Long before anyone uttered or conceived of funky, Edmund March Wheelwright must have been one funky and fun dude. He comes to mind now because one of his many, many masterpieces is the 101-year-old Longfellow Bridge.
In light of the buckle-and-break I-35 bridge in Minneapolis, folks here look with trepidation at the fords that may fail.
There are numerous current and historical pix of the Longfellow at Structurae. The one at right is cropped from one of those.
Bridges are to last 50 to 100 years. Some hand-formed bridges last centuries (remember that Socrates was a proud stonecutter). The Longfellow is dong pretty well for an oldster.
Who the devil designed the very funky salt-and-pepper (named for its towers that resemble condiment dispensers)? Well, kiddies that would be the city of Boston architect for five very productive years, 1891 through 1895, E.M. Wheelwright.

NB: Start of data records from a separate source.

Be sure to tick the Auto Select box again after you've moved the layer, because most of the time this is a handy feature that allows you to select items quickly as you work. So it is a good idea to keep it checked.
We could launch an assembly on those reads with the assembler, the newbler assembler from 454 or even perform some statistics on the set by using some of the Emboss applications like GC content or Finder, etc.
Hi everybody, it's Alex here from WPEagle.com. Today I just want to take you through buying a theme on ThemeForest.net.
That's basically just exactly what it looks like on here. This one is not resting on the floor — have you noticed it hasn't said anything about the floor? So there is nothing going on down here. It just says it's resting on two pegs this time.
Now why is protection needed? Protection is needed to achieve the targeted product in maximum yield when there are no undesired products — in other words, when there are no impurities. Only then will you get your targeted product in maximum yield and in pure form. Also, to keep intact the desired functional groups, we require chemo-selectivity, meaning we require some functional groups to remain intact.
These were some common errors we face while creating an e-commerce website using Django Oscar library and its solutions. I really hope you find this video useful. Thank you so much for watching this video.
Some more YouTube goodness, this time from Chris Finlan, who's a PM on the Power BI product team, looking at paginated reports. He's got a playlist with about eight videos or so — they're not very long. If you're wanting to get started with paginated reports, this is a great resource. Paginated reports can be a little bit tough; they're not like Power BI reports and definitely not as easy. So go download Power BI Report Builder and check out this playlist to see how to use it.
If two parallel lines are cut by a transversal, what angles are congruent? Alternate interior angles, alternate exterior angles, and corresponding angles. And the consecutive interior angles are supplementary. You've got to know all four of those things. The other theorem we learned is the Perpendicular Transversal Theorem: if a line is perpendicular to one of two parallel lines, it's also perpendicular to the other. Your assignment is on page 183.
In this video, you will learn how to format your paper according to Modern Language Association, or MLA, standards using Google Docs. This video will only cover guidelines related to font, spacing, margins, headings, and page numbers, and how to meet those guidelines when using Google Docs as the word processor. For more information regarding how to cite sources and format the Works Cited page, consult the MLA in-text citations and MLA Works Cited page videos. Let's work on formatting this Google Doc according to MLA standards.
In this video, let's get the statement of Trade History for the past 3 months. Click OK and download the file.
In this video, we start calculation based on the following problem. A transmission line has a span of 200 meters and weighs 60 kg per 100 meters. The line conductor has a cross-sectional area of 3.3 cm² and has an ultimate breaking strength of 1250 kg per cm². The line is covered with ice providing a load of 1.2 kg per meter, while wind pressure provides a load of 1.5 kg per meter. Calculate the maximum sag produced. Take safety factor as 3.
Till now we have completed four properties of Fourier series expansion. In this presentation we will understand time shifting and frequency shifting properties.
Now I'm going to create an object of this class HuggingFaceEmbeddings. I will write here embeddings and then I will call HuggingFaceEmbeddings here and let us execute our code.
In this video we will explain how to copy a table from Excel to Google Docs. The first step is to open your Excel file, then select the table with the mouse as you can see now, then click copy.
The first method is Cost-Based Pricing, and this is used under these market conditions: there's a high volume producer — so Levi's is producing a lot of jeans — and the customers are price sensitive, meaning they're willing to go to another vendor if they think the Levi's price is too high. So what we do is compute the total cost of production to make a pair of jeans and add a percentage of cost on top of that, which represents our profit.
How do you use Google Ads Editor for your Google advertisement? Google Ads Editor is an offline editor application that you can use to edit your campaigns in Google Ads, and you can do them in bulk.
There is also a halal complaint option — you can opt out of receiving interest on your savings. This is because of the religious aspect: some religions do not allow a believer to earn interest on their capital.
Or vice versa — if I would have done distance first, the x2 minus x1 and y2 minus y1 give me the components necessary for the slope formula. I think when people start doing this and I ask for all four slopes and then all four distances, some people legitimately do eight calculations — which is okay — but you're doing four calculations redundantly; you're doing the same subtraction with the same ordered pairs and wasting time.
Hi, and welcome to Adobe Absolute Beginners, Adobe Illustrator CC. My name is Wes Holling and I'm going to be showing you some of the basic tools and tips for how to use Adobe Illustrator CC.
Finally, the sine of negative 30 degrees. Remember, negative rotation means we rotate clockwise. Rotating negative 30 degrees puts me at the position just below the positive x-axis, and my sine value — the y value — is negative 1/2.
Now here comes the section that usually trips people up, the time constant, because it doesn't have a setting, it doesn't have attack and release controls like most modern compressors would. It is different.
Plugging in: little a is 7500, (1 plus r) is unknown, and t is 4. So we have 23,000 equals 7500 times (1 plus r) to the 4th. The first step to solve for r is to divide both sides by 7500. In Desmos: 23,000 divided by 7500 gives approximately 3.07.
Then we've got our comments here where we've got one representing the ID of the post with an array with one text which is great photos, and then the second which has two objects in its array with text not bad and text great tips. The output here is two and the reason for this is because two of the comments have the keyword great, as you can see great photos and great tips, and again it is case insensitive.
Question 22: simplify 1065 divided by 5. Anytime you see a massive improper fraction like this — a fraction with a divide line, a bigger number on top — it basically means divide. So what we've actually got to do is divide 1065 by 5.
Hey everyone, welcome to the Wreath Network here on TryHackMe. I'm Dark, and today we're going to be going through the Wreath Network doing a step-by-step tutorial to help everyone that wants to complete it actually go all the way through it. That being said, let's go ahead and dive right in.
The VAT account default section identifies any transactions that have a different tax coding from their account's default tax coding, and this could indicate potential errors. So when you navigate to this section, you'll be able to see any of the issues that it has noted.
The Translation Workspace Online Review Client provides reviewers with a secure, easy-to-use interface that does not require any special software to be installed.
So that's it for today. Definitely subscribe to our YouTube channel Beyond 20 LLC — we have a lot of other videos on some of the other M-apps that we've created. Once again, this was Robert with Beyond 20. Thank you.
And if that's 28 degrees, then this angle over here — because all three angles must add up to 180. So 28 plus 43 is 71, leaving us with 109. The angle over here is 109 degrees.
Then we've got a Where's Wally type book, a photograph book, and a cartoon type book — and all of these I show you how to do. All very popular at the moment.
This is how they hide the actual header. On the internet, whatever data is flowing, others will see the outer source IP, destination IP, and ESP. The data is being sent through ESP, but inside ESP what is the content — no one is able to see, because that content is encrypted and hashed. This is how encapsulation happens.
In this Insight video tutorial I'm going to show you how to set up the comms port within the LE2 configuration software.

My degrees of separation today is too easy...one. A dear friend is his great nephew. My chum, Farley Wheelwright, is 90 and was only six when E.M. died in 1912.
There are numerous books on the architect, but the highlights are on a bullet-point riddled Wikipedia page. Among his designs include:
- Boston Public Library
- Harvard Lampoon Building
- Horticultural Hall
- Larz Anderson Auto Museum
- Longfellow Bridge
- Massachusetts Historical Society Headquarters
- Jordan Hall
- Anderson Memorial Bridge
Short of the Lampoon Building (above left), which is intentionally perverse and irregular in design, everything is attractive and easy to use. Amusingly enough, except for the museums, you can see a lot of round funk in his designs. The bridges were sturdy, yes, but he clearly had fun with them. Compare the stone-jar look of both the Lampoon and Longfellow. For a guy born the decade before the Civil War, he was out there.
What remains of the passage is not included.